Osmanlı Devleti kuşkusuz görsel düzenine çok önem verirdi ve tombakların altın hissi yansıtmaları nedeniyle bu düzende ayrı ve çok önemli bir yeri vardı. Tombaklama yöntemi eşyalara altın görünümü vermek ve kullanıldıkları ortamı görsel olarak zenginleştirmek, ihtişamını arttırmak amacı ile uygulanan bir teknik.
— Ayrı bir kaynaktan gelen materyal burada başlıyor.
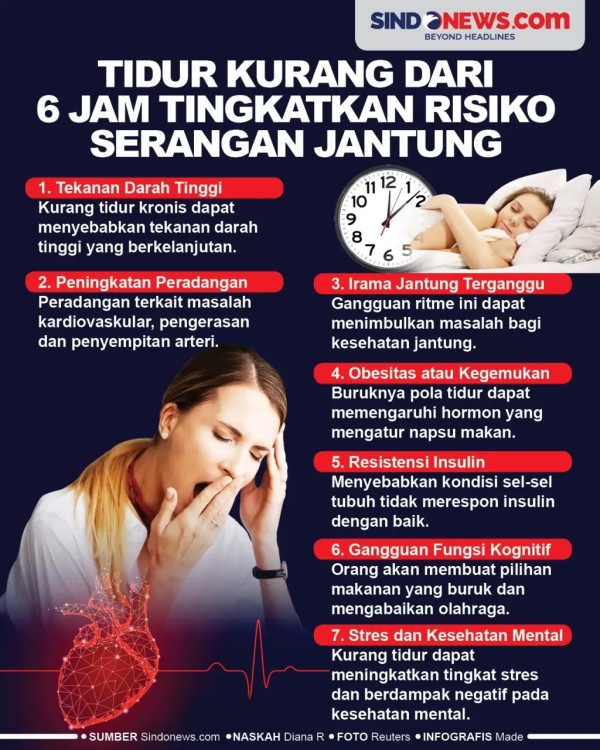 7 Gejala Serangan Jantung pada Wanita, Salah Satunya Kelelahan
Bu eserler aracılığı ile sahiplerinin de varlıkları bir anlamda yüceltilir ve misafir edilen insanlara verilen önem yansıtılırdı. Her ne kadar geçmişteki tombak formları günümüzde yaşatılıyor olsa da bugün imal edilen bakırdan ve bakır alaşımlarından mamul ürünler ister kullanım amaçlı olsun ister turistik amaçlı olsun modern kimyasal yöntemlerle altınla kaplanmaktave bu eserler tombak olarak adlandırılmaktadır. Bu doğru değildir. Tombaklama yöntemiyle altın kaplama işlemi Cumhuriyet döneminden sonra yaşatılamamıştır. Bu nedenle bundan sonra hangi yöntemle olursa olsun altınla kaplanan bakır ve bakır alaşımı ürünlere tombak denemez. Bu ürünler ancak gerçek taklit olarak adlandırılabilirler. Geçmişte kullanılan tombak ve  taklid damgası ise’ altın taklidi’ anlamını içermesi yanında, o dönem Osmanlı zanaatkarlarının  imal ettikleri  tombak çeşidinden eşyanın, yabancı diyarlardan gelenlerle İstanbul’da yapılanların  birbirlerinden ayrılabilmesi, alıcıların aldanmaması, İstanbul işi olduğunun onaylanması ve bilinmesi  için  kullanılmıştır. Tombak kitabında yayınlamış olduğumuz III. Selim fermanı bunun kanıtıdır. 

NİHAT TEKDEMİR 

TOMBAKLARIN EN GÜZEL ÖRNEKLERİ OSMANLI’DA 

Küratörlük süreci bir altın kaplama çeşidi olan tombağın kullanım alanlarının belirlenmesiyle başladı. Osmanlı’nın 16. yüzyılından itibaren yoğun biçimde üretilen ve hayatın her kademesinde kullanılan tombak eşyaların en yoğun kullanıldığı bölümler belirlendi ve tematik bir sergi konsepti oluşturuldu. Sivil ve Askeri olmak üze iki ana bölümden oluşan sergide tombaklar her bir bölüm için farklı tipolojide seçildi ve kronolojik olarak yerleştirildi. Tombağın göz alıcı ve zarif altın dokusunu ön plana çıkarmak amacıyla eserler yalın bir ortamda, her objeye özgü tasarlanan kaideler üzerinde özel aydınlatma metoduyla ziyaretçiye sunuldu. Tombaklama yöntemiyle kaplanan eşyaların en güzel ve nadide örnekleri Osmanlı İmparatorlugu’nda özellikle 16. ve 19. yüzyılları arasında üretilmiş tombaklardır. Bu sihirli kimyayı tombak adıyla Türk maden sanatına kazandıran Osmanlı zanaatkârları, bakır ile altının mükemmel uyumunu fark ederek, hem korozyon sorununu ortadan kaldırmış hem de sivil ve askeri alanlarda kullanılabilen göz kamaştırıcı parlaklıkta zarif eşyalar üretmişlerdir. Tombak eşyaları değerli kılan sadece rengi ve parlaklığı değil, cıvanın sağlığı bozan etkilerini göze alarak bakırı altına dönüştüren ustaların fedakârlığı olmuştur. Göz alıcı güzellikteki bu kıymetli tombaklardan her biri, üzerinde ustasının hatırasını taşımaktadır. Tombak: Altından Süzülen Zarafet sergisi, tombak ustalarının maharetli elleriyle asırlar önce yaktıkları ateşe atılan ve bu hatıraları canlandıran bir çıradır.